* [WORK INSTRUCTION]: Pull out of the data below the stretch of lines bounded by the one containing "Apartamento com 1" and the one containing "Decimator of the", both bounds included, unchanged.

* [DATA EXTRACTS]:
┌────────
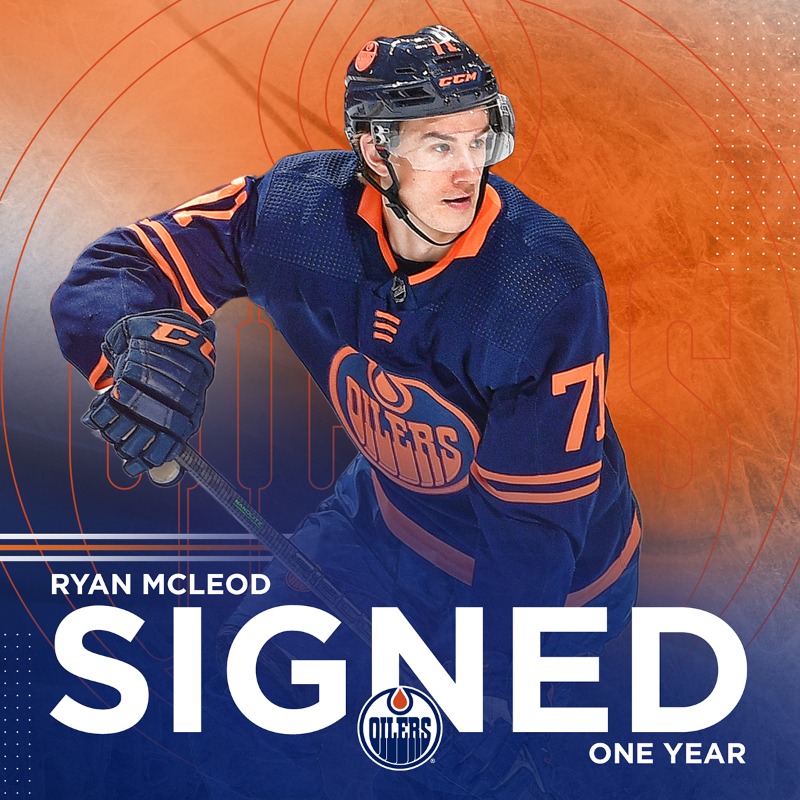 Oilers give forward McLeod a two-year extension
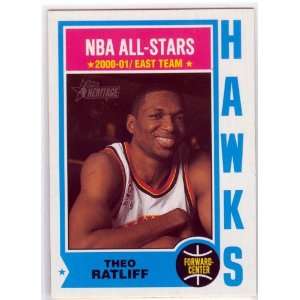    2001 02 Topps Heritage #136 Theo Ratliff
└────────
┌────────
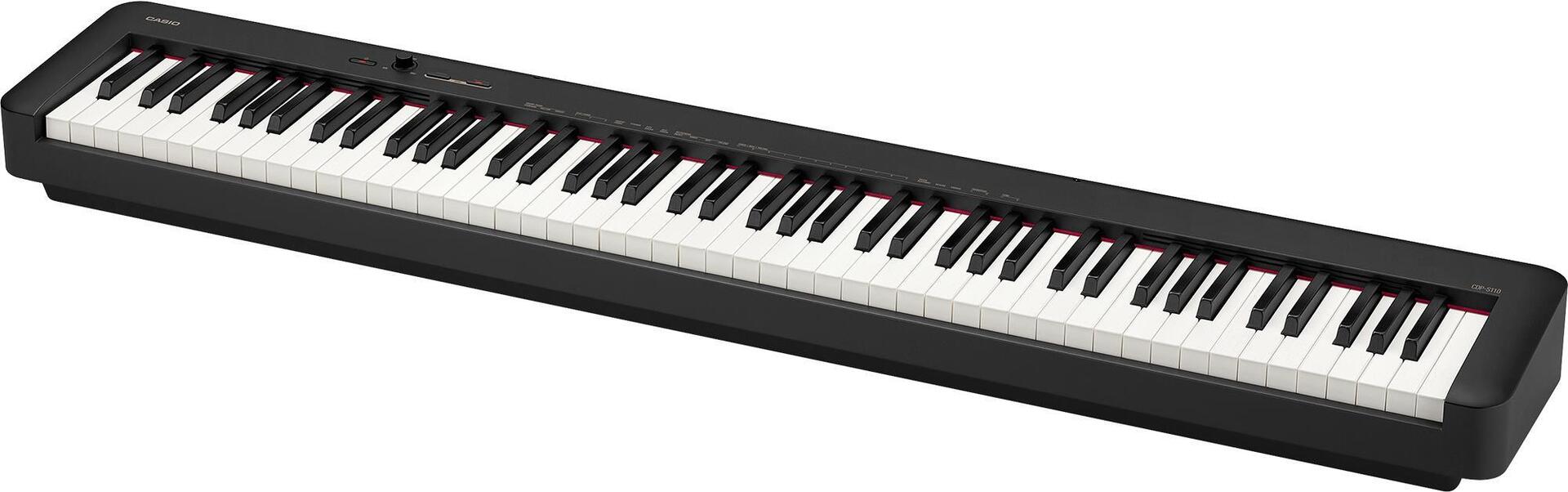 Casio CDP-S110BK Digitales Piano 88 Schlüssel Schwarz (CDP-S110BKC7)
└────────
┌────────
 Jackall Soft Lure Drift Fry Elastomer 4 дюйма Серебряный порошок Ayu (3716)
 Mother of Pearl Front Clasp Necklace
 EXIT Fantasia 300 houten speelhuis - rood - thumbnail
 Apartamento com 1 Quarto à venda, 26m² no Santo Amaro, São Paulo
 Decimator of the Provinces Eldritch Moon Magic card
└────────
* [ANSWER SECTION]:
 Apartamento com 1 Quarto à venda, 26m² no Santo Amaro, São Paulo
 Decimator of the Provinces Eldritch Moon Magic card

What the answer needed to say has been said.